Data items
--- START ---
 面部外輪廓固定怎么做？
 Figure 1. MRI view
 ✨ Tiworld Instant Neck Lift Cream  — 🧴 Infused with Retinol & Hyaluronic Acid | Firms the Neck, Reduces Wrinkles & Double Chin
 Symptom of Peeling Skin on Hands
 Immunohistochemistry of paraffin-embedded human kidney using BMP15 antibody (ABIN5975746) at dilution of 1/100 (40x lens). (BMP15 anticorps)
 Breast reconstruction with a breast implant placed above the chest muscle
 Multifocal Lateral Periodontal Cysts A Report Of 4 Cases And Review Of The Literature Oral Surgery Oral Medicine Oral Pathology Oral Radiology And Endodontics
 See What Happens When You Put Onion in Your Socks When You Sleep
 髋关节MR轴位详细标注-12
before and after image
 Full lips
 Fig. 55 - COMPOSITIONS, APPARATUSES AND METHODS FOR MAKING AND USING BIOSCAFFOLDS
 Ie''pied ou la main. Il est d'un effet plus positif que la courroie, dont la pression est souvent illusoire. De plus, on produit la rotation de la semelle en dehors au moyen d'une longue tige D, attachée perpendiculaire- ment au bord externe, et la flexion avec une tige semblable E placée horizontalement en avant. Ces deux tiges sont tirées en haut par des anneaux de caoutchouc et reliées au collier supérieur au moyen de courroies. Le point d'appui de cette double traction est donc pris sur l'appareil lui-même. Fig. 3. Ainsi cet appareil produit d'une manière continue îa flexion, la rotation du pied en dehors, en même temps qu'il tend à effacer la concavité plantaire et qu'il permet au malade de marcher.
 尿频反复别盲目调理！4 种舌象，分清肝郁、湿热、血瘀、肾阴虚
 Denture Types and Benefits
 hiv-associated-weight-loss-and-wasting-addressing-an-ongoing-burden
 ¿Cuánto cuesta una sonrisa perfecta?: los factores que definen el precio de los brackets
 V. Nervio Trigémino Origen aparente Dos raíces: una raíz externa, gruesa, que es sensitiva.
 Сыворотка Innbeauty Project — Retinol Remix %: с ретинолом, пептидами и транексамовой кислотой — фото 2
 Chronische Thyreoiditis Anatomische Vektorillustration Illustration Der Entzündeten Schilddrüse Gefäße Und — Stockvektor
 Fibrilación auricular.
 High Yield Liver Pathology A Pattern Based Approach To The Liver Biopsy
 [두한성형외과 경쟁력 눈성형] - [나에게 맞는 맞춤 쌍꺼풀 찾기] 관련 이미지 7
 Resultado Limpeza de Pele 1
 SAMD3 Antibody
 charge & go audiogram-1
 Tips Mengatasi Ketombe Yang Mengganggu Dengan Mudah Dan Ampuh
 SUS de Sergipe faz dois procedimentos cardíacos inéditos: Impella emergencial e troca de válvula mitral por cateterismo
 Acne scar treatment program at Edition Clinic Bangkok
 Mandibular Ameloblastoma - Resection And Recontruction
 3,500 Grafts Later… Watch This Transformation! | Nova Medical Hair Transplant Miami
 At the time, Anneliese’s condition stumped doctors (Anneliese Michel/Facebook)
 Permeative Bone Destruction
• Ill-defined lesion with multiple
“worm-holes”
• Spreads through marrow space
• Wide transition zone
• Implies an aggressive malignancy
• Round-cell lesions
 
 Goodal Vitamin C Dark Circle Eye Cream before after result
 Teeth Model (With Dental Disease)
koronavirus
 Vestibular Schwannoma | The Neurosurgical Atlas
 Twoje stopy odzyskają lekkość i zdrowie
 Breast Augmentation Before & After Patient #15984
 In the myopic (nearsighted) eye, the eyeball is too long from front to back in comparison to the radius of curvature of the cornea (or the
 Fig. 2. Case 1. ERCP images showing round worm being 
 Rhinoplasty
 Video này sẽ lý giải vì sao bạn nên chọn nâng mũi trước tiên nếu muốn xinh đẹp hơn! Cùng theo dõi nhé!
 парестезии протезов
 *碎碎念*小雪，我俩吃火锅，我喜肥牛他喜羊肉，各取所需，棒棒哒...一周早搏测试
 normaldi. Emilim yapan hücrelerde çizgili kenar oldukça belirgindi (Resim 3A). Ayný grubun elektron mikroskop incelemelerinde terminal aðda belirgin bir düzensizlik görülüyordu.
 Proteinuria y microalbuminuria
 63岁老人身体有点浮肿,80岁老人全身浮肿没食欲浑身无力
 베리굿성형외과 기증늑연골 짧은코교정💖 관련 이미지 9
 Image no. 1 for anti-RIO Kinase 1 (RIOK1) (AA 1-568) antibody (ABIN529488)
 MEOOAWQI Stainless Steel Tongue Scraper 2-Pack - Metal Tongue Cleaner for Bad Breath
--- END ---
### The task
Please write out, exactly as they appear above, only the lines in the stretch from the line with "Wrinkles & Double Chin" through the line with "SAMD3 Antibody".

### Exercise answer
 ✨ Tiworld Instant Neck Lift Cream  — 🧴 Infused with Retinol & Hyaluronic Acid | Firms the Neck, Reduces Wrinkles & Double Chin
 Symptom of Peeling Skin on Hands
 Immunohistochemistry of paraffin-embedded human kidney using BMP15 antibody (ABIN5975746) at dilution of 1/100 (40x lens). (BMP15 anticorps)
 Breast reconstruction with a breast implant placed above the chest muscle
 Multifocal Lateral Periodontal Cysts A Report Of 4 Cases And Review Of The Literature Oral Surgery Oral Medicine Oral Pathology Oral Radiology And Endodontics
 See What Happens When You Put Onion in Your Socks When You Sleep
 髋关节MR轴位详细标注-12
before and after image
 Full lips
 Fig. 55 - COMPOSITIONS, APPARATUSES AND METHODS FOR MAKING AND USING BIOSCAFFOLDS
 Ie''pied ou la main. Il est d'un effet plus positif que la courroie, dont la pression est souvent illusoire. De plus, on produit la rotation de la semelle en dehors au moyen d'une longue tige D, attachée perpendiculaire- ment au bord externe, et la flexion avec une tige semblable E placée horizontalement en avant. Ces deux tiges sont tirées en haut par des anneaux de caoutchouc et reliées au collier supérieur au moyen de courroies. Le point d'appui de cette double traction est donc pris sur l'appareil lui-même. Fig. 3. Ainsi cet appareil produit d'une manière continue îa flexion, la rotation du pied en dehors, en même temps qu'il tend à effacer la concavité plantaire et qu'il permet au malade de marcher.
 尿频反复别盲目调理！4 种舌象，分清肝郁、湿热、血瘀、肾阴虚
 Denture Types and Benefits
 hiv-associated-weight-loss-and-wasting-addressing-an-ongoing-burden
 ¿Cuánto cuesta una sonrisa perfecta?: los factores que definen el precio de los brackets
 V. Nervio Trigémino Origen aparente Dos raíces: una raíz externa, gruesa, que es sensitiva.
 Сыворотка Innbeauty Project — Retinol Remix %: с ретинолом, пептидами и транексамовой кислотой — фото 2
 Chronische Thyreoiditis Anatomische Vektorillustration Illustration Der Entzündeten Schilddrüse Gefäße Und — Stockvektor
 Fibrilación auricular.
 High Yield Liver Pathology A Pattern Based Approach To The Liver Biopsy
 [두한성형외과 경쟁력 눈성형] - [나에게 맞는 맞춤 쌍꺼풀 찾기] 관련 이미지 7
 Resultado Limpeza de Pele 1
 SAMD3 Antibody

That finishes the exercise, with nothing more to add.